First, maybe you’re thinking “If it’s so bad, why did you read it?” Well, I’ll tell you why. Because I’d had three DNFs in a row and I vowed to finish the next book no matter what. Man, did I make that vow at the wrong time. Also, it was only 150 pages. Also, I’m an idiot. Because I read her stupid terrible As the World Dies book which is just about as bad. That book broke my heart, because I’ve been dying to find a zombie book that spends some time on how a group rebuilds long-term. Sure, it lacks the adrenaline of the initial outbreak, but I’d love to see how people actually start to create a new world once the worst of the chaos has settled. The original book kinda went there, but it was buried in gross characters and horrific writing. I don’t know what I expected from this one but I guess I should not be surprised.

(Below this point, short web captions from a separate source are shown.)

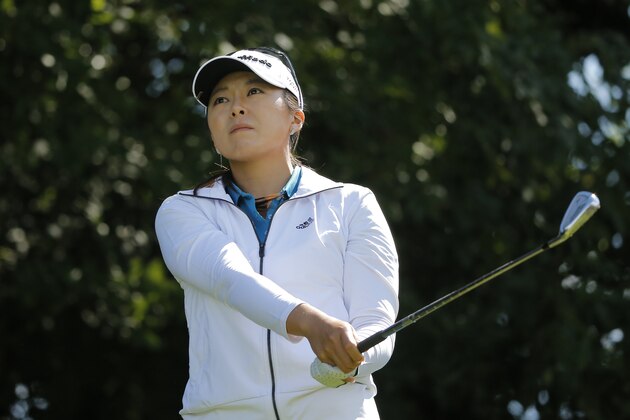 Mi Jung Hur of South Korea watches the flight of her ball on the second hole during the third round of the Evian Championship women's golf tournament in Evian, eastern France, Saturday, Sept. 13, 2014. (AP Photo/Laurent Cipriani)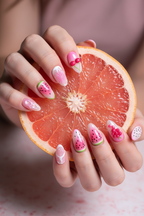 Fair skin hands wearing pink jelly fruit custom press-on nails holding fresh pink grapefruit — LuxepressCo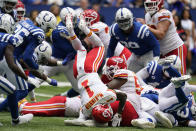 Kansas City Chiefs running back Jerick McKinnon (1) is flipped in front of Indianapolis Colts safety Rodney Thomas II (25) during the second half of an NFL football game, Sunday, Sept. 25, 2022, in Indianapolis. (AP Photo/Michael Conroy)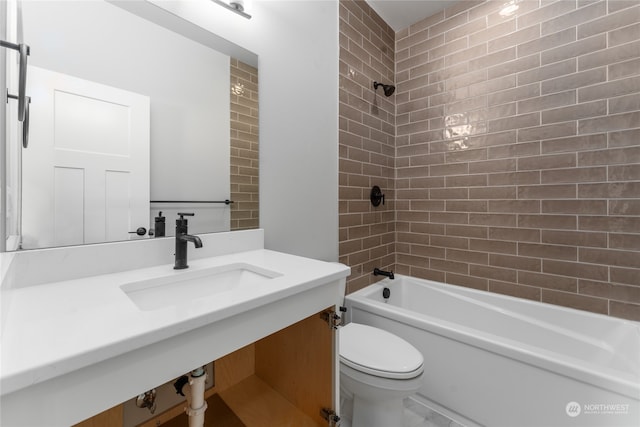 full bathroom featuring tiled shower / bath, vanity, and toilet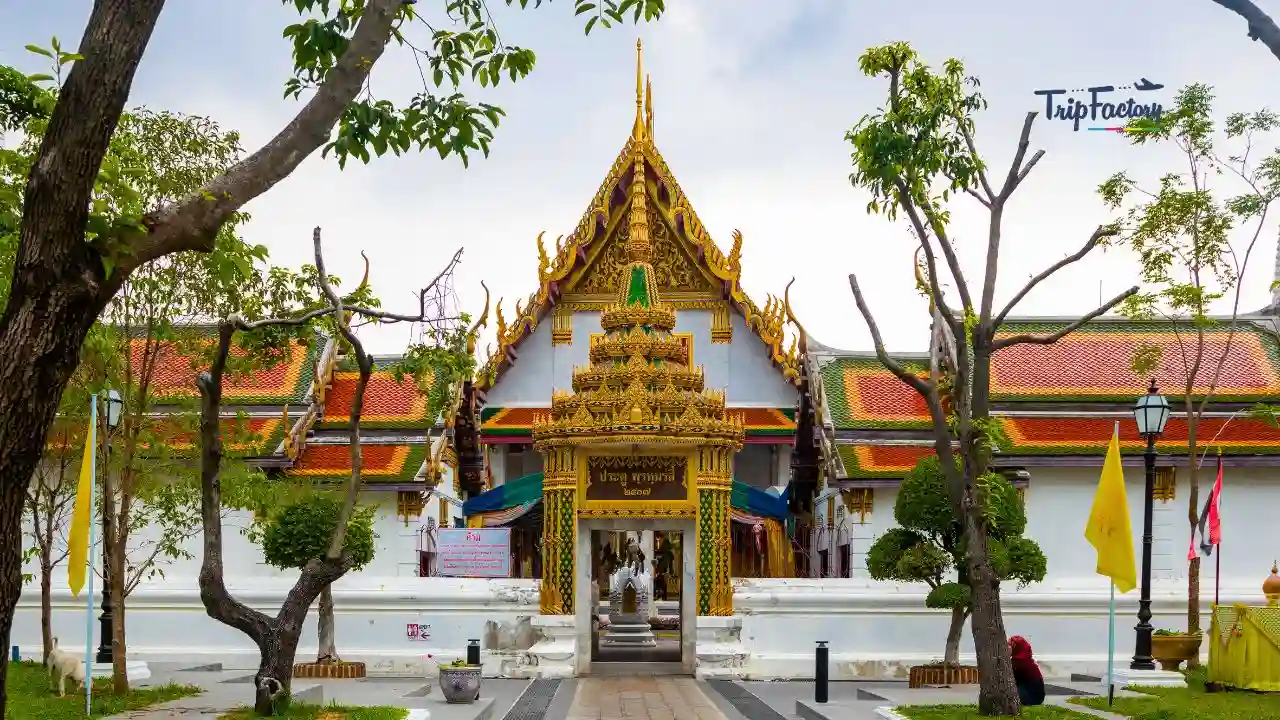 this is a front side image of Wat Rakhang Khositaram with a clear blue sky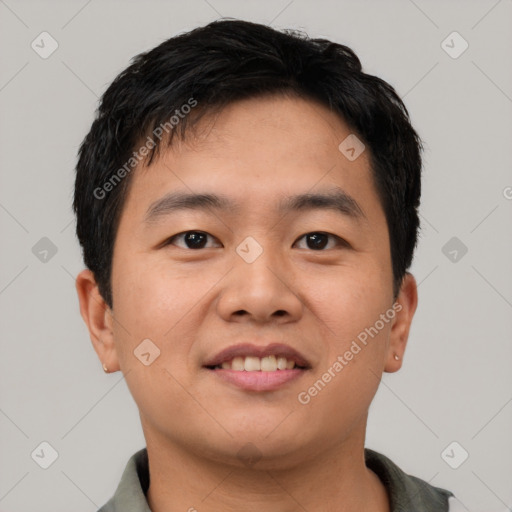 Joyful asian young-adult male with short  black hair and brown eyes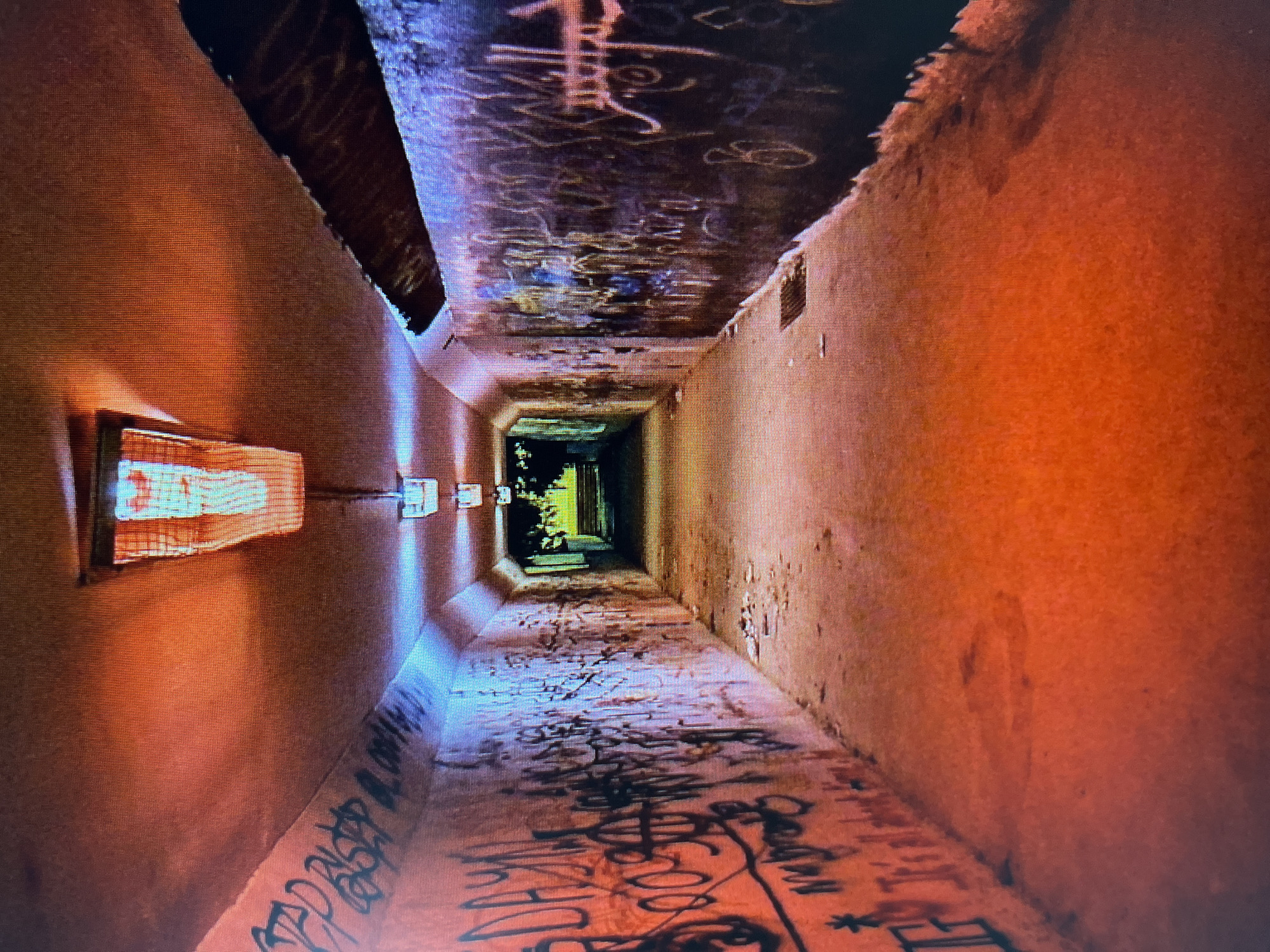 The media file depicts a long, narrow, and graffiti-covered concrete tunnel. The perspective is looking down the tunnel, creating a strong sense of depth and leading the viewer's eye towards a brightly lit opening at the far end. The tunnel walls and ceiling are covered in various forms of graffiti, primarily in black spray paint, with some lighter colored markings visible on the ceiling. The floor is also heavily marked with graffiti.
On the left wall, midway down the tunnel, is a rectangular light fixture with a translucent cover, emitting a warm, orange glow. There are also other, less distinct, square fixtures visible further down the tunnel on the left wall, also emitting light. The walls of the tunnel have a rough, textured surface and are illuminated by a warm, orange-red light that casts long shadows, suggesting either artificial lighting or a sunset. The overall mood is somewhat eerie and industrial, common to abandoned or underutilized urban spaces. The lighting creates a dramatic contrast between the shadowed interior and the bright exit, hinting at a passage or journey. No people are visible in the image. The time of day is indeterminate, but the lighting suggests it is either dawn or dusk, or that artificial lights are the primary illumination source.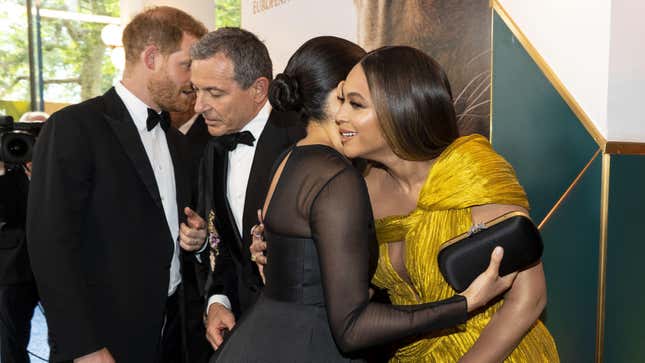 Prince Harry, Duke of Sussex (L) chats with Disney CEO Robert Iger as Meghan, Duchess of Sussex (2nd R) embraces Beyoncé (R) as they attend the European premiere of the film The Lion King on July 14, 2019. 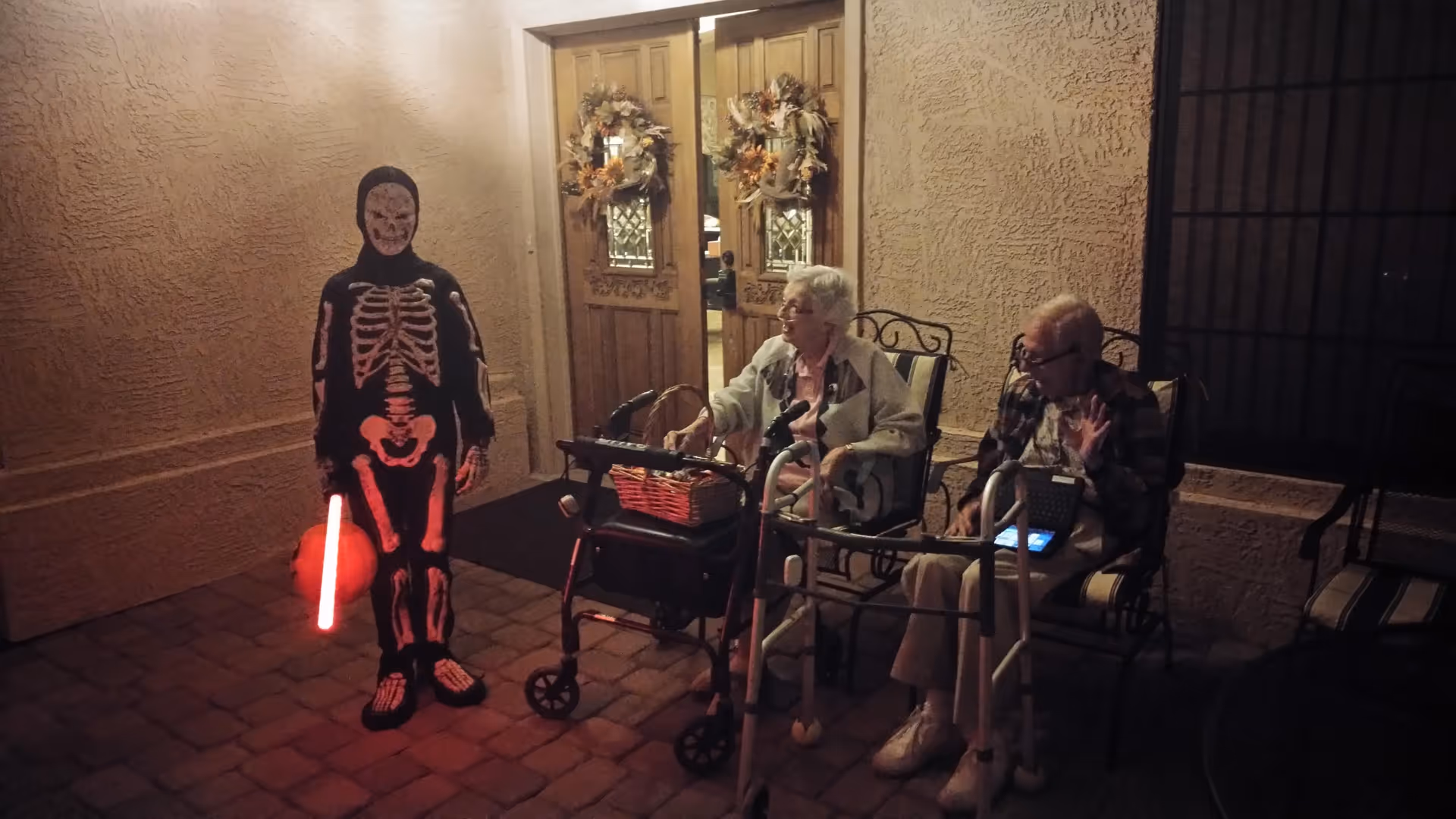 A person dressed in a glowing skeleton costume holding a light stick and a pumpkin bucket stands outside a building entrance decorated with autumn wreaths. Two elderly individuals sit nearby on chairs, each with a walker in front of them, engaging with the person in costume during nighttime.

It’s meant to be a few short stories about characters from the main book. First is a very short vignette about the death of a character from the first book. It was awful. The couple had allegedly been married for years but woke up playing with each other’s hair and whispering sweet nothings. Then a very short but actually decent (like 3 stars decent, there’s not one sentence of good writing in this book) story about an encounter on the road between two survivors. Then an ungodly long, absolutely pointless, drying-paint boring backstory for a minor character from the book. This story just about killed me. A dude is in a B&B when the outbreak happens. He holes up for a while. Meets some survivors. Takes his dog out to pee every few paragraphs. It’s incredibly repetitive and flat and honestly you could’ve printed the book, cut each paragraph out, thrown them into a bowl, and selected a new order for them at random and it wouldn’t have made much difference. His dog pees. The weather is surprisingly nice with all the horror. He kinda misses his girlfriend. Ahh it’s a zombie. His dog needs to pee again. The birds are chirping. So on. Every time anyone says “God,” they say “Gawd.” There will not ever be a moment in the entire story when you don’t know what the dog is doing. There, you pretty much just read the whole book. Now you can skip it. Thank me later.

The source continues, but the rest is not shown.